As Russia invades Ukraine and Kyiv residents flee, global players are thinking about how the conflict will impact oil prices. Petroleum has already surpassed $100 a barrel, which is a massive stretch even considering inflation. That’s a primary reason why key congressional players are considering a proposal that would suspend the federal gas tax.
Here’s what a federal gas tax holiday would mean and whether a suspension is in the cards amid global tension and supply shortages.
What does the federal gas tax suspension proposal say?
The White House and top Democrats are considering pausing the federal gas tax as a way to combat rising gas prices amid hyperinflation and international crises. According to the White House, “all options are on the table,” and that includes pausing taxes during an inflationary period.
The White House hasn't officially endorsed the proposal so far, and more tweaks will likely happen if it proceeds at all. Experts suggest that pausing the gas tax would benefit producers more than consumers. A holiday would be difficult to end because politicians like to avoid reinstituting taxes.
How much is the federal gas tax?
Right now, the U.S. government charges a federal gas tax of 18.4 cents per gallon. Drivers using diesel fuel pay 24.4 cents per gallon. The government charges an additional 0.1 cents per gallon on anyone using a Leaking Underground Storage Tank (a tax on environmental impact).
The gas tax is a type of excise tax, which means that it’s an added cost to the purchase price of goods and services. The government uses the federal gas tax to help pay for building and fixing highways and bridges (as well as other, similar projects) through the Highway Trust Fund.
States also institute individual gas taxes (on average, 30.63 cents per gasoline gallon and 32.29 cents per diesel gallon), and some local and municipal governments will add their own.
Will a federal gas tax holiday happen?
Federal gas tax revenues have already fallen short (the rate hasn’t changed since 1993). Also, the U.S. government is aiming to reduce emissions, not reward the use of more. However, senators Mark Kelly (D-Ariz.), Maggie Hassan (D-N.H.), and others want to suspend the tax until January 2023.
Producers would also save money on a federal gas tax holiday, and there will have to be regulation that ensures the producers pass savings back onto consumers in the form of lowered costs. Otherwise, fuel giants could take advantage of the chance to increase profit margins.

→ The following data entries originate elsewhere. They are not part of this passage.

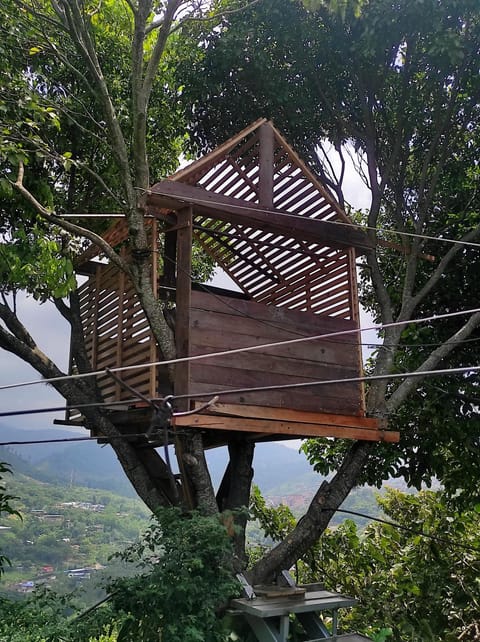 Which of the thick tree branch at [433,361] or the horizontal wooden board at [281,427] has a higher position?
the thick tree branch at [433,361]

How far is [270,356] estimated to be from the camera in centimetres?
595

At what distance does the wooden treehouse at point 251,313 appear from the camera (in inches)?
219

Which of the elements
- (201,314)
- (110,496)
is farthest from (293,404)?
(110,496)

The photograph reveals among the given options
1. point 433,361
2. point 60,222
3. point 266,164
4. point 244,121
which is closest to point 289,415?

Naturally, the proposed bill has opponents, namely senator Joe Manchin (D-W.Va.). Manchin said about the bill, “People want their bridges and their roads, and we have an infrastructure bill we just passed this summer, and they want to take that all away.”
As for what it could mean for Biden’s administration, Democrat pollster Celinda Lake told reporters, “It’s a great way of showing the president is using all the tools in his tool chest to take on inflation, and it’s a great populist issue because people are always mad at gas prices and gas taxes.”